We suspect that the bug(s) encountered while upgrading ulsfo might have been caused by running a mix of Varnish 3 and Varnish 4 through multiple layers of caches (ulsfo -> codfw -> eqiad -> swift). To confirm whether this is the case, we want to test a v4-only stack against real users. The following plan has been devised to achieve that goal:

Rollback ulsfo to v3-only by downgrading cp4005
Route ulsfo straight to eqiad, without going through codfw
Connect codfw directly to swift
Upgrade codfw to v4

This way, we will have codfw running a v4-only stack connected straight to swift with real traffic hitting v4 directly.

Change 308560 had a related patch set uploaded (by Ema):
Revert "Upgrade cp4005 (ulsfo cache_upload) to Varnish 4"

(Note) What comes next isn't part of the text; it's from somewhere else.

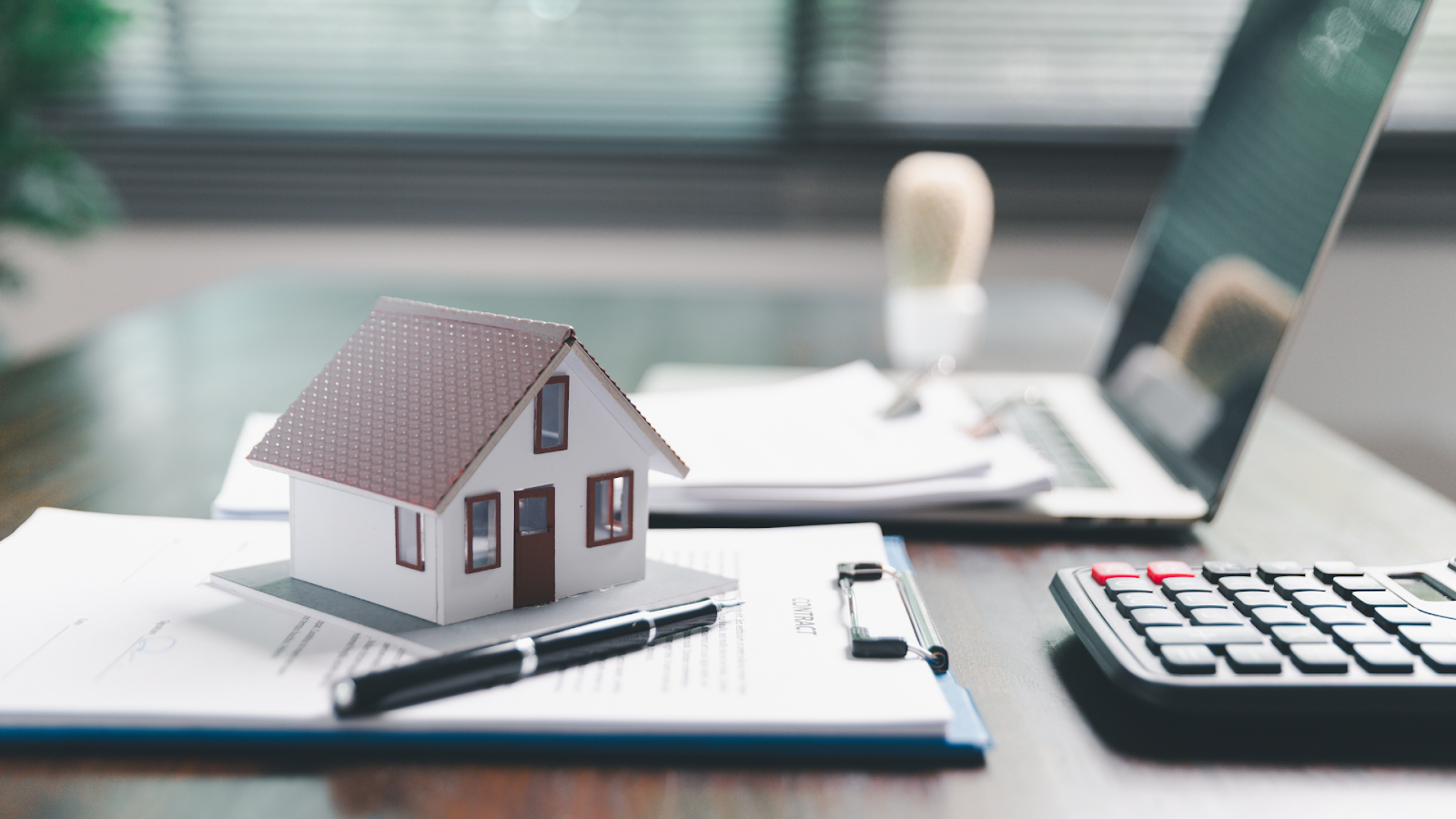 Mini house model with property tax documents beneath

https://gerrit.wikimedia.org/r/308560

Change 308560 merged by Ema:
Revert "Upgrade cp4005 (ulsfo cache_upload) to Varnish 4"

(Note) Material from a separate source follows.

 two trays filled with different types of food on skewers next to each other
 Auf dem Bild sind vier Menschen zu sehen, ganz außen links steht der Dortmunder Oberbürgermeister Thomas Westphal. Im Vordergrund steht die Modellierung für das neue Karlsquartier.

https://gerrit.wikimedia.org/r/308560

Mentioned in SAL [2016-09-05T12:41:42Z] <ema> downgrading cp4005 to varnish 3 T131502

In T131502#2608658, @ema wrote:

We suspect that the bug(s) encountered while upgrading ulsfo might have been caused by running a mix of Varnish 3 and Varnish 4 through multiple layers of caches (ulsfo -> codfw -> eqiad -> swift). To confirm whether this is the case, we want to test a v4-only stack against real users. The following plan has been devised to achieve that goal:

Rollback ulsfo to v3-only by downgrading cp4005

Route ulsfo straight to eqiad, without going through codfw

Connect codfw directly to swift

re: replication and swift, since https://gerrit.wikimedia.org/r/#/c/293272/ mw is writing to both codfw and swift synchronously, with swiftrepl doing the catch up on transient errors. Therefore having codfw cache_upload talk to swift codfw should work

Change 308582 had a related patch set uploaded (by Ema):
cache_upload: route around codfw in cache::route_table

https://gerrit.wikimedia.org/r/308582

Change 308582 merged by Ema:
cache_upload: route around codfw in cache::route_table

https://gerrit.wikimedia.org/r/308582

Change 308588 had a related patch set uploaded (by Ema):
cache_upload: route codfw straight to applayer

https://gerrit.wikimedia.org/r/308588

Change 308588 merged by Ema:
cache_upload: route codfw straight to applayer

https://gerrit.wikimedia.org/r/308588

Change 308593 had a related patch set uploaded (by Ema):
Upgrade upload codfw to Varnish 4

https://gerrit.wikimedia.org/r/308593

Change 308593 merged by Ema:
Upgrade upload codfw to Varnish 4

https://gerrit.wikimedia.org/r/308593

Mentioned in SAL [2016-09-05T17:35:05Z] <ema> upgrading cp2022 to varnish 4 T131502

Mentioned in SAL [2016-09-05T18:31:23Z] <ema> upgrading cp2026 to varnish 4 T131502

Mentioned in SAL [2016-09-05T19:22:03Z] <ema> upgrading cp2024 to varnish 4 T131502

Mentioned in SAL [2016-09-05T19:45:39Z] <ema> upgrading cp2020 to varnish 4 T131502

Mentioned in SAL [2016-09-05T20:41:21Z] <ema> upgrading cp2017 to varnish 4 T131502

Mentioned in SAL [2016-09-05T21:28:39Z] <ema> upgrading cp2014 to varnish 4 T131502

Mentioned in SAL [2016-09-05T21:59:32Z] <ema> upgrading cp2011 to varnish 4 T131502

Mentioned in SAL [2016-09-05T22:24:12Z] <ema> upgrading cp2008 to varnish 4 T131502

Mentioned in SAL [2016-09-05T22:49:57Z] <ema> upgrading cp2005 to varnish 4 T131502

Mentioned in SAL [2016-09-05T23:17:43Z] <ema> upgrading cp2002 to varnish 4 T131502

In T131502#2608658, @ema wrote:

We suspect that the bug(s) encountered while upgrading ulsfo might have been caused by running a mix of Varnish 3 and Varnish 4 through multiple layers of caches (ulsfo -> codfw -> eqiad -> swift). To confirm whether this is the case, we want to test a v4-only stack against real users.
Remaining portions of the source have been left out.